**Problem to work on:**
In the data below, find the line with "Now, to get" and the line with "In this video we're", then restate both and every line between them exactly, minus the pictures.

☆ ☆ ☆ ☆ ☆

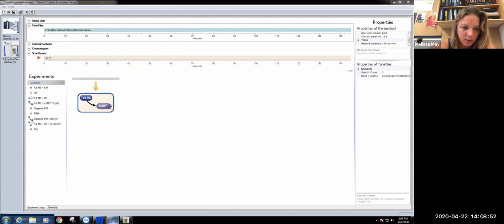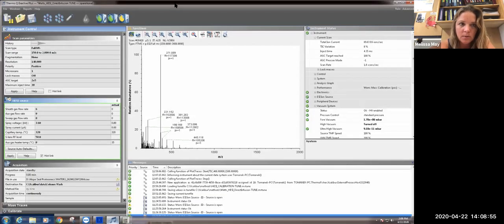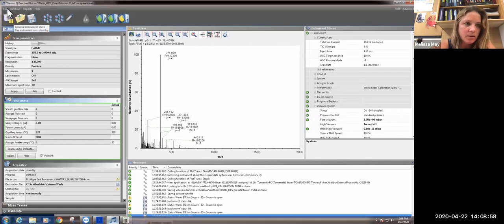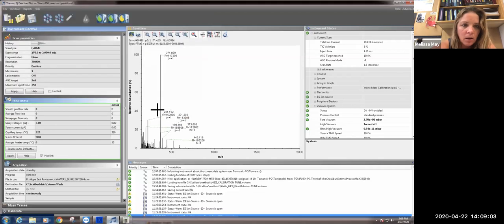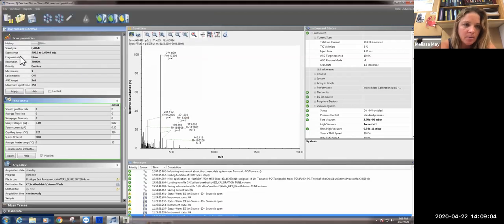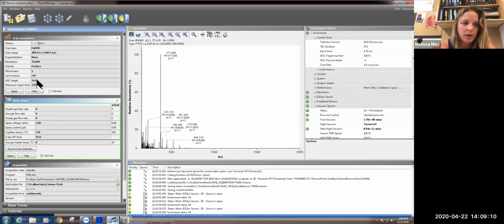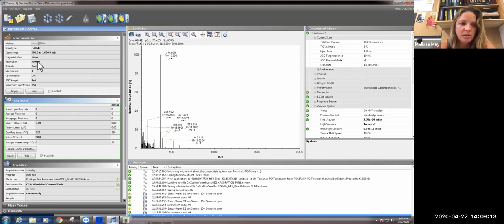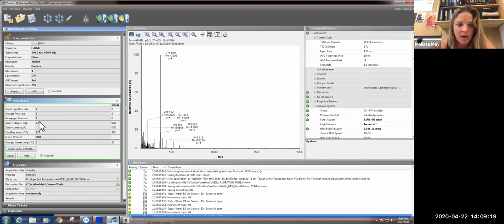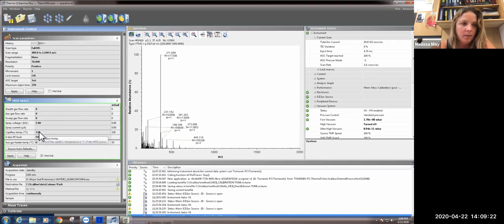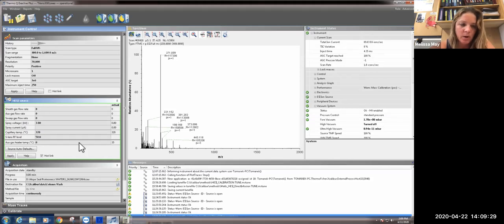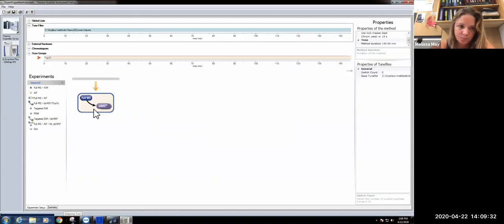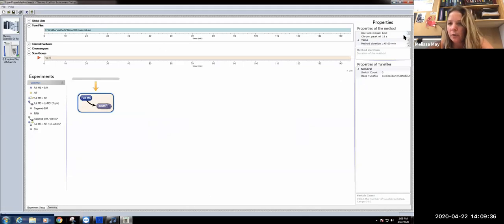This just has parameters set so that we're lowering our spray voltage. Some of the parameters of this include your maximum injection time, which is 250 microseconds, your target for your automatic gain control, your positive mode, and your resolution. What is going to be important here are our spray voltages and our capillary temperature. We have our spray voltage set at 3.8 and our capillary temp at 320. Everything else is controlled in these general properties.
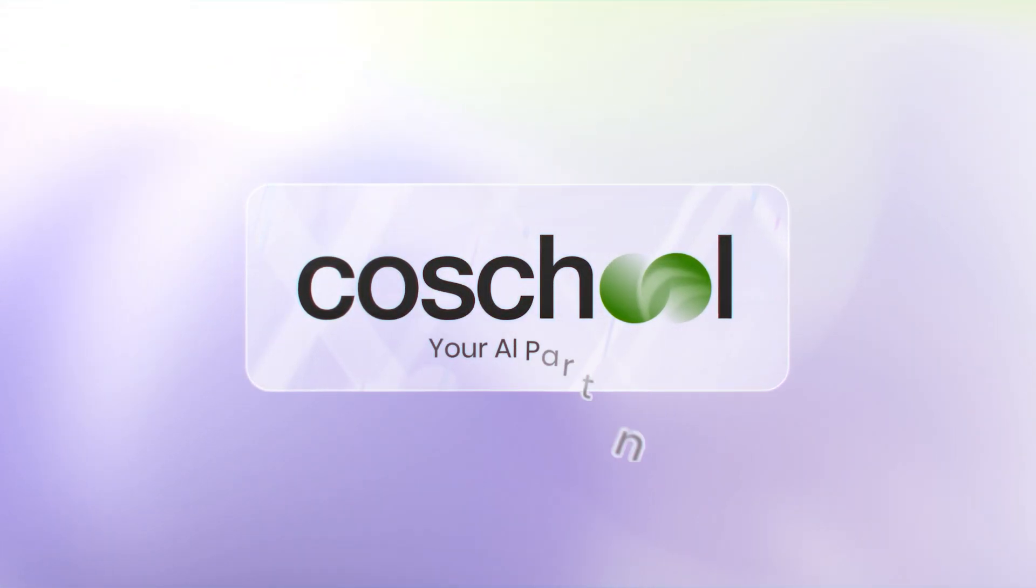Partner with us to enhance your school's success by making every stakeholder thrive. CoSchool, your AI partner.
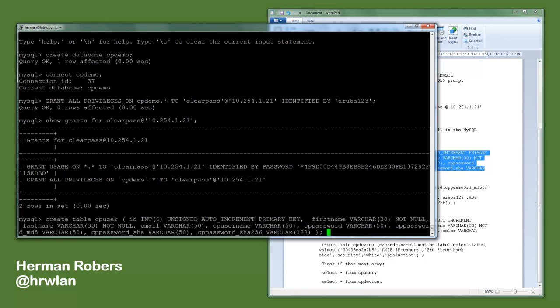And we store the password also as an MD5 and a SHA password and a SHA-256 password, which are the four methods that ClearPass can use to do the authentication. So by putting them all in, you can with a single table do all the authentications with all mechanisms.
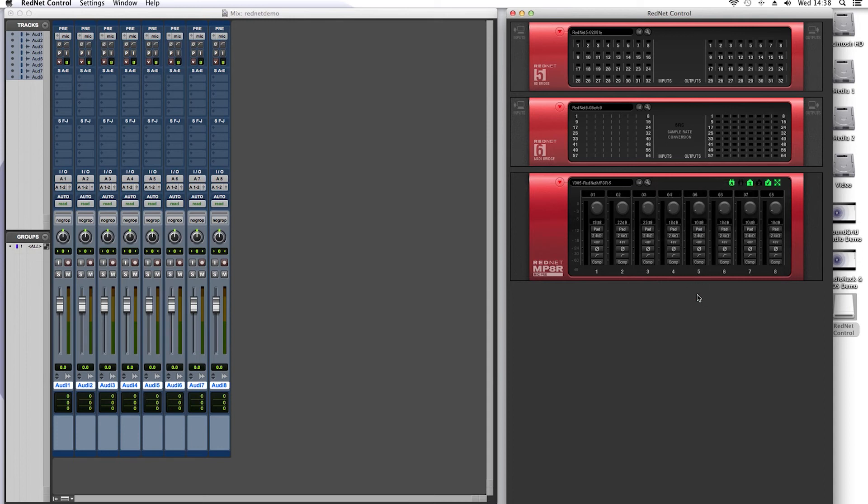At the top of the RedNet MP8R screen you can also view very quickly which power and Ethernet ports are connected for redundancy purposes.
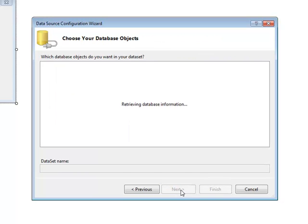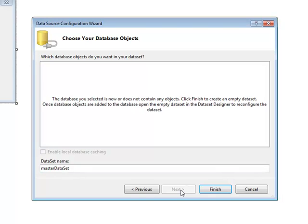Then the wizard will bring up a list of database objects. Choose the ones that are needed. Once this is completed click finish and this is how to add a data source in a Visual Studio Project.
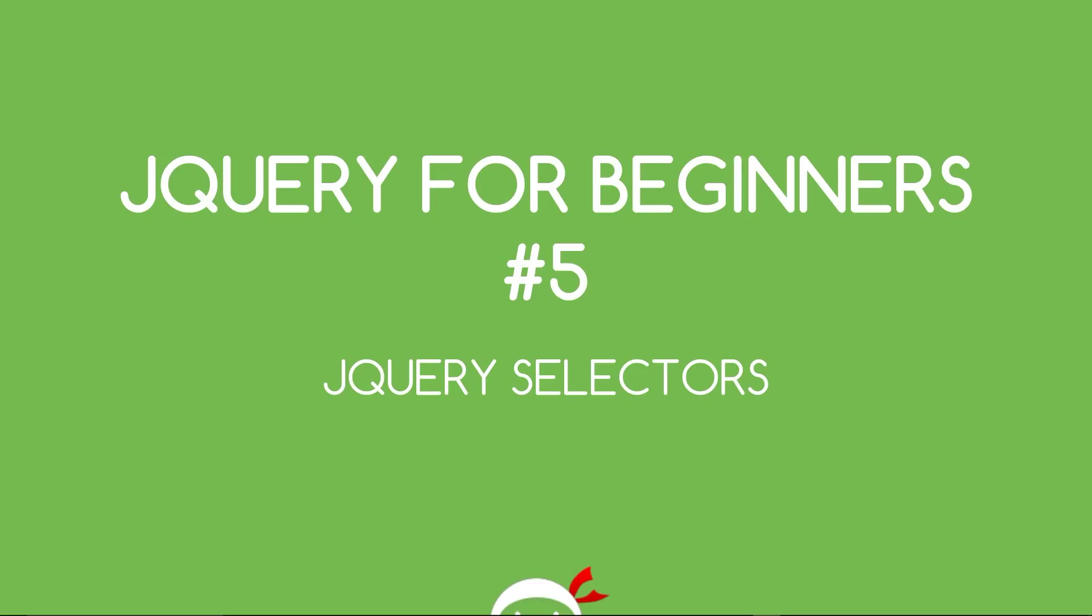Yo, what's going on guys? You're watching jQuery for beginners lesson 5 and in this video I want to talk about jQuery selectors.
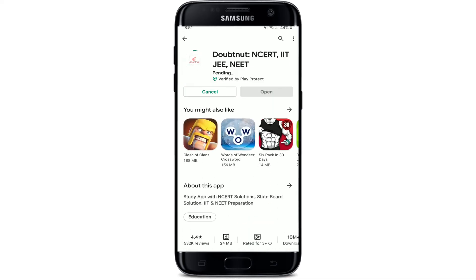Now, to get it downloaded on your Android device, you can simply tap the install button in green that pops up right beneath the application, and wait until your app gets downloaded on your Android.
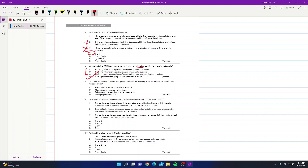Question 8: the IASB framework identifies user groups. Which of the following is NOT an information need for the investor group? Options: A — assessment of repayment ability of an entity; B — measuring performance, risk and return; C — taking decisions regarding holding investments; D — taking buy/sell decisions. The examiner tricks you with the word 'not.' The answer is part A — assessment of repayment ability — because this refers to the information needs of lenders, not investors.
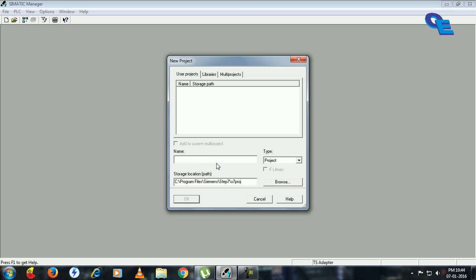Here you have to put a name of your project. I will take it as test. Program, click OK.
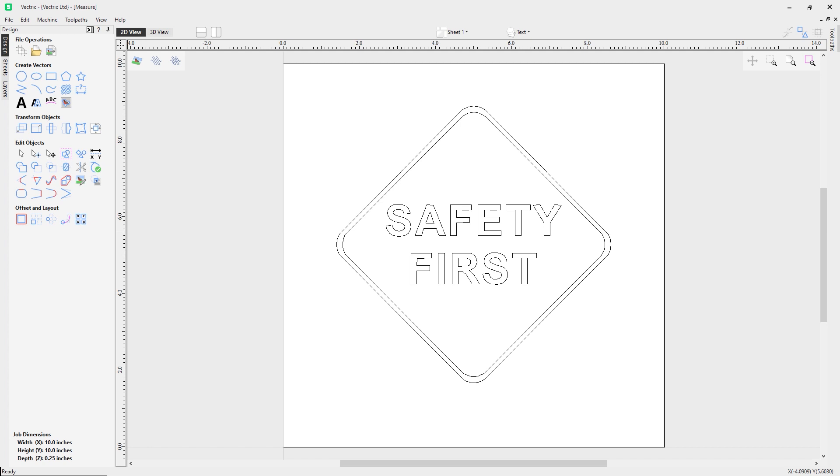In this video we're going to take a look at how to use the measure tool to measure important information about our models or drawings. First, let's go over to the measure tool found under the edit objects part of the design tab.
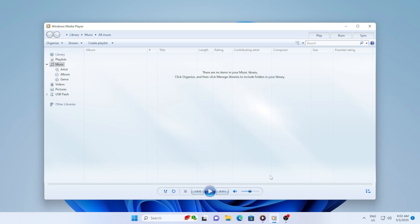You press play and either the video stutters, freezes halfway, or just completely stops while the audio keeps going. Yes, we have all been there. Frustrating, right? Don't worry, I will guide you step by step through a list of proven fixes to get your videos running smooth again.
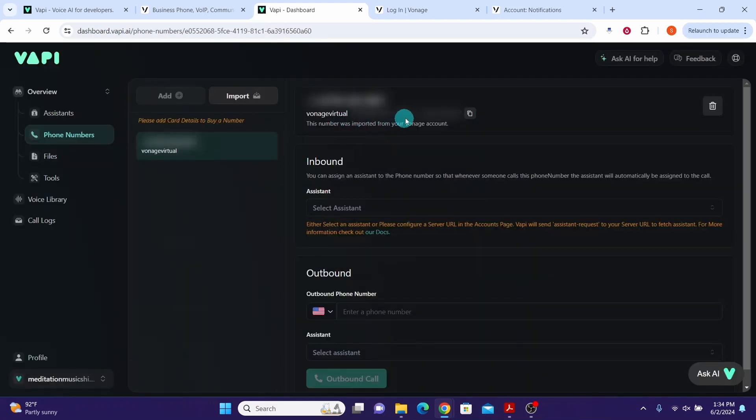We can see that Vonage phone number is imported and available for use with your chosen Wapi AI assistant. Bye, till next video.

☆ ☆ ☆ ☆ ☆

**Finished exercise:**
Now, to get it downloaded on your Android device, you can simply tap the install button in green that pops up right beneath the application, and wait until your app gets downloaded on your Android.
Question 8: the IASB framework identifies user groups. Which of the following is NOT an information need for the investor group? Options: A — assessment of repayment ability of an entity; B — measuring performance, risk and return; C — taking decisions regarding holding investments; D — taking buy/sell decisions. The examiner tricks you with the word 'not.' The answer is part A — assessment of repayment ability — because this refers to the information needs of lenders, not investors.
Here you have to put a name of your project. I will take it as test. Program, click OK.
In this video we're going to take a look at how to use the measure tool to measure important information about our models or drawings. First, let's go over to the measure tool found under the edit objects part of the design tab.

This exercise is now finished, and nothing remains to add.